Despite a huge profit, the earnings per share (EPS) of Oromia Insurance fell significantly in the last fiscal year that ended June 30, 2020. The firm's EPS shrunk by 41pc.
In the last fiscal year, Oromia netted 74.3 million Br in profit, a 14.7pc decline compared to the preceding year. The EPS also fell sharply and stood at 230 Br. The profit decline and the massive expansion of paid-up capital undermined the EPS. Oromia's paid-up capital grew significantly by 60pc to 404 million Br, making it one of the industry's well-capitalised insurers.
Dejene Iticha, the managing director at the Oromia Development Association, which is a founding shareholder of Oromia Insurance, says that the dividend decline is justifiable. Dejene says that the dividends have declined by over 10 percentage points from the 27pc they received a year ago.
“Though the EPS declined,” said Dejene, “the firm is getting stronger, having a wider branch network, a huge paid-up capital and is building a headquarters.”
A month and a half ago, Oromia hired a Chinese state-owned firm to construct its 35-storey headquarters in the heart of the Mexico Square area. The building is expected to cost the insurance company 1.5 billion Br.
Dejene adds that any company will be healthy as long as the political environment is stable, in addition to other factors.
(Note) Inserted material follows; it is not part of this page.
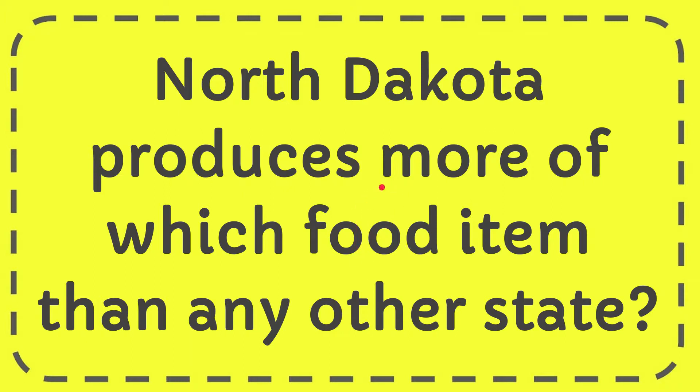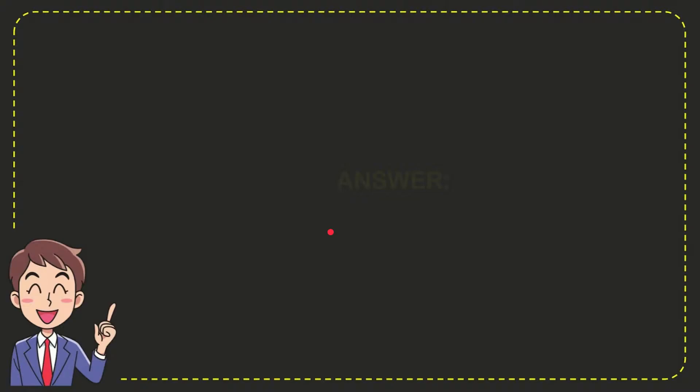In this video, I'm going to give you the answer to this question. The question is, North Dakota produces more of which food item than any other state? Well, now I'll give you the answer to this question, and the answer is honey. So that is the answer to the question: honey.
“Considering the incidents that happened last year,” said Dejene, “Oromia performed well.”
Aberra Bekele, the board chairperson of Oromia, agrees that the year was challenging for the firm, mentioning the Novel Coronavirus (COVID-19) pandemic and the global economic strain as additional challenges.
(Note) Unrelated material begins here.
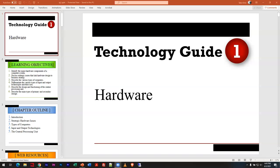Welcome everybody. We are going to be talking about Technology Guide number one tonight, which focuses on hardware. It is not my intent to go through every single slide, but I'm going to hit highlights and talk about what I think are some of the more important aspects of hardware. This is one of the things that might appear on the first quiz — we have three chapters and the technology guide which are part of that.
“The movement restrictions and other containment strategies to curb the spread of the virus had abruptly brought business activities virtually to zero,” Aberra said.
Despite the challenges, Oromia managed to push the total gross premium up by 17pc to 484 million Br, of which 105.6 million Br was ceded to reinsurance companies. This led the firm's retention rate to decline to 78.2pc from the 81.7pc rate of the previous year. Still, the retention rate is slightly above the industry average of 77pc recorded in 2019.
Oromia’s net claims incurred in the reporting period grew by 39.7pc to 283.9 million Br.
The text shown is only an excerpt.